Parmi 16 points de non-retour, la Terre est à moins d’un demi-degré Celsius du dégel rapide du permafrost et d’une rapide élévation du niveau de la mer
Selon une nouvelle évaluation, le dépérissement des récifs coralliens, l’effondrement de la calotte glaciaire et le dégel du pergélisol figurent parmi les processus qui risquent de s’emballer plus tôt que prévu.
L’effondrement de la calotte glaciaire de l’Antarctique occidental et le dégel brutal du pergélisol font partie des six points de basculement du climat de la Terre qui sont désormais susceptibles d’être atteints si le réchauffement de la planète dépasse 1,5 °C, l’objectif fixé par l’accord de Paris en 2015.

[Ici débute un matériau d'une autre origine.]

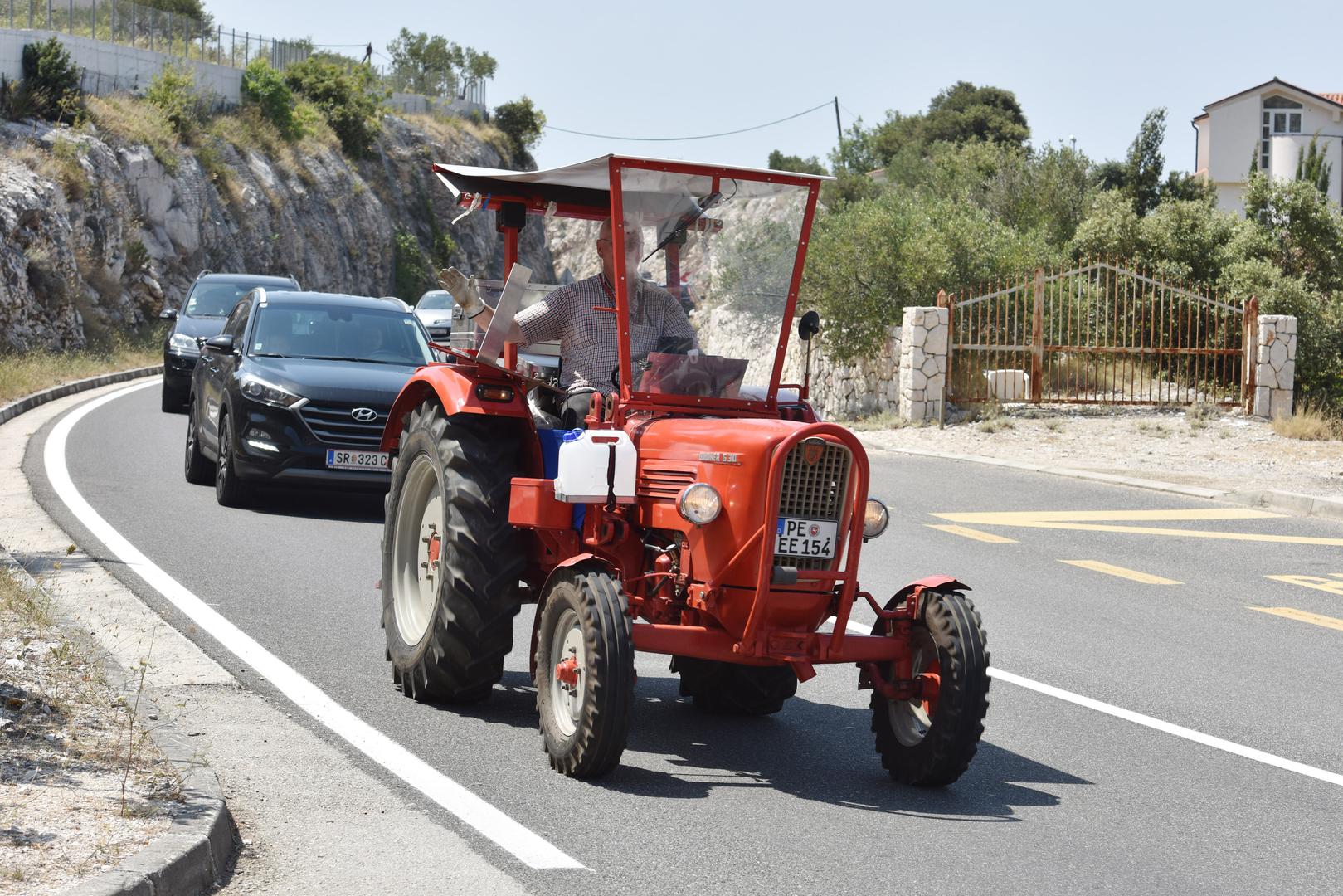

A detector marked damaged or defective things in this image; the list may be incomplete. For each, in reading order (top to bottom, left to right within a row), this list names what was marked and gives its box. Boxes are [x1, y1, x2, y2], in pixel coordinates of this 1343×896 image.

rusty metal gate [945, 263, 1257, 411]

Les chercheurs ont identifié 16 points de basculement majeurs qui contribuent à réguler le climat de la Terre. Parmi eux, neuf points du “cœur” de la planète qui contribuent à ses fonctions régulières, comme la fonte du pergélisol dans l’Arctique ou le bouleversement des courants océaniques.
Image d’entête, à partir de l’étude : l’emplacement des 16 points de basculement climatique majeurs dans la cryosphère (bleu), la biosphère (vert) et l’océan/ atmosphère (orange), et les niveaux de réchauffement planétaire auxquels leurs points de basculement seront probablement déclenchés. Les marqueurs sont colorés en fonction des estimations du seuil de réchauffement planétaire, qui est inférieur à 2°C, c’est-à-dire dans la fourchette de l’accord de Paris (rouge, cercles), entre 2 et 4°C, c’est-à-dire accessible avec les politiques actuelles (rose, diamants), et 4°C et plus (violet, triangles). (Globaia/ Earth Commission, PIK, SRC/ Université d’Exeter)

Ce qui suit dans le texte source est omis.